Ramatoulaye Mbengue du PS : « j’ai comme l’impression que le président du tribunal favorise l’agent judiciaire de l’Etat »

Tout comme notre première interlocutrice, Mme Mbengue est convaincu que son camarade de parti est accusé injustement. D’ailleurs, elle trouve injustifiée son exclusion du PS. « Je suis ici en tant que citoyen. Le premier jour du procès, la confiance était de mise. J’ai été témoin de beaucoup de choses qui ont été relevées par le juge. Par contre, aujourd’hui, le doute s’est installé. Je ne comprends pas l’attitude de la partie civile et de l’agent judiciaire de l’Etat. Ils sont en train de railler les gens. J’ai comme l’impression que le président du tribunal les favorise. L’agent judiciaire prend le même temps que les avocats. Il parle comme il veut. Il ne se fait pas  rappeler à l’ordre. Or, le maire de la ville de Dakar n’est pas n’importe qui. Raison pour laquelle ils doivent faire montre de plus de sérieux.» Par contre, pour certains sénégalais, le fait de venir assister au procès ne veut point dire qu’ils ont un intérêt caché ou apparent. Tel est le cas pour Vieux Niang. Lorsque nous l’avons rencontré, le commerçant  se demandait comment il allait faire pour recharger son téléphone.

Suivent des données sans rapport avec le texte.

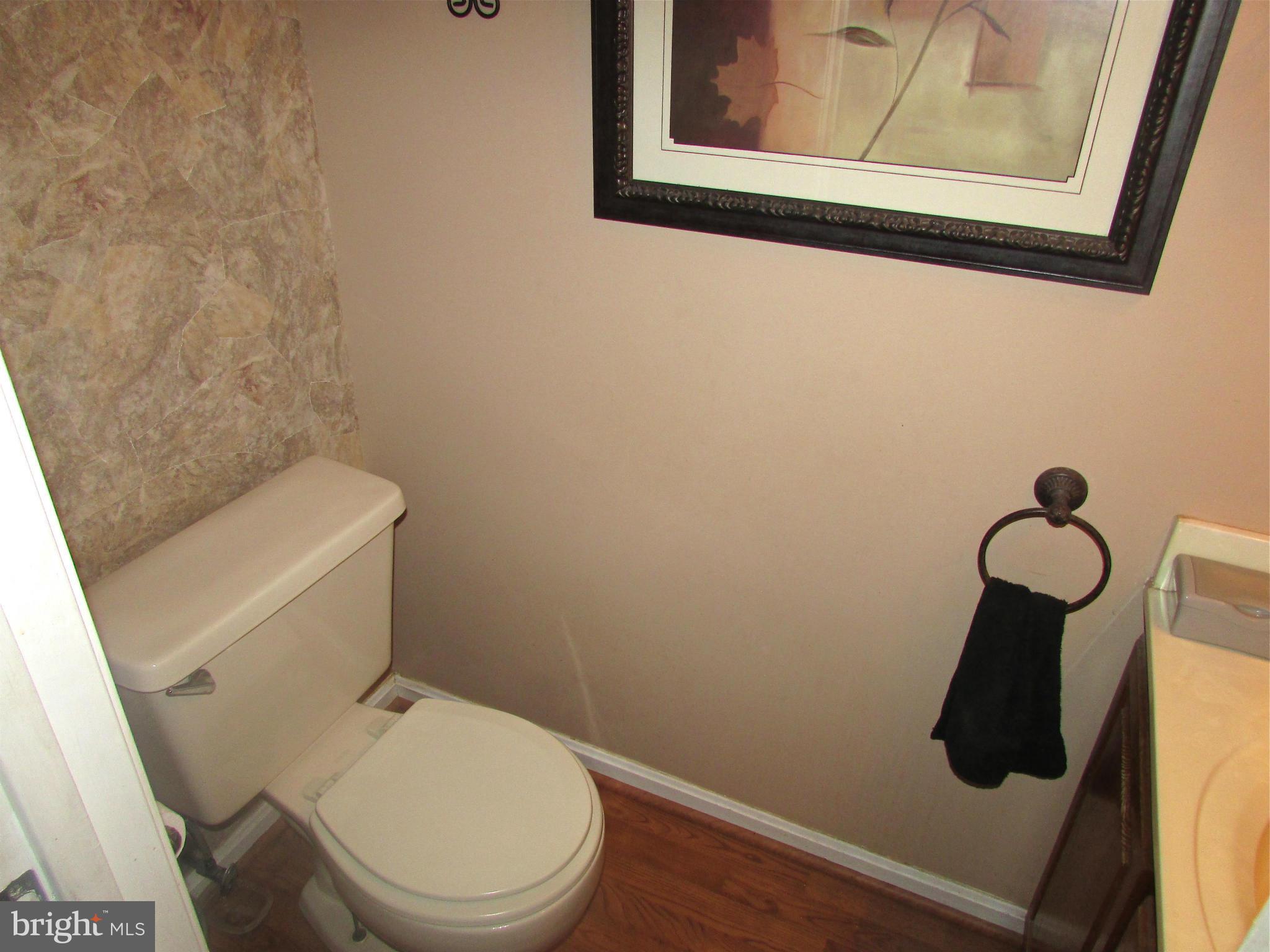 6808 Compton Valley Place Centreville, VA 20121 - Photo 6 of 16 a white toilet sitting next to a wooden cabinet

Le jeune homme qui portait une chemise bleue est un pantalon de la même couleur avec des lunettes noires dit qu’il n’a pas de partie pris dans l’affaire. Cependant, force est de constater d’après lui, « que l’Etat va tout faire pour faire perdre à Khalifa Sall ses droits civiques. » En réalité, Vieux Niang croit que « c’est un procès politique ; que c’est le Chef de l’Etat qui est derrière tout cela. Je ne travaille pas à la mairie. Mais, quand on analyse la chose on ne peut s’empêcher de dire qu’il y a des soubassements politiques. On dirait que le chef de l’Etat ne veut pas avoir d’adversaire à sa mesure lors de la présidentielle de 2019.», estime-t-il.

Quand la politique entre par la porte du palais, le droit sort par la fenêtre. Cette maxime, les conseils du Maire de Dakar n’hésitent pas à le dire à qui veut l’entendre. Après eux, les sénégalais ont le sentiment que quoi qu’il advienne Khalifa Sall va être condamné.  Pour les nombreux journalistes qui couvrent ce procès, l’opinion veut comprendre comment leurs ressources ont été gérées. Partant de ce point de vue, ils estiment  la justice a eu le mérite de saisir du dossier. Néanmoins, l’intérêt de ce procès est qu’elle montre son indépendante vis-à-vis de l’exécutif.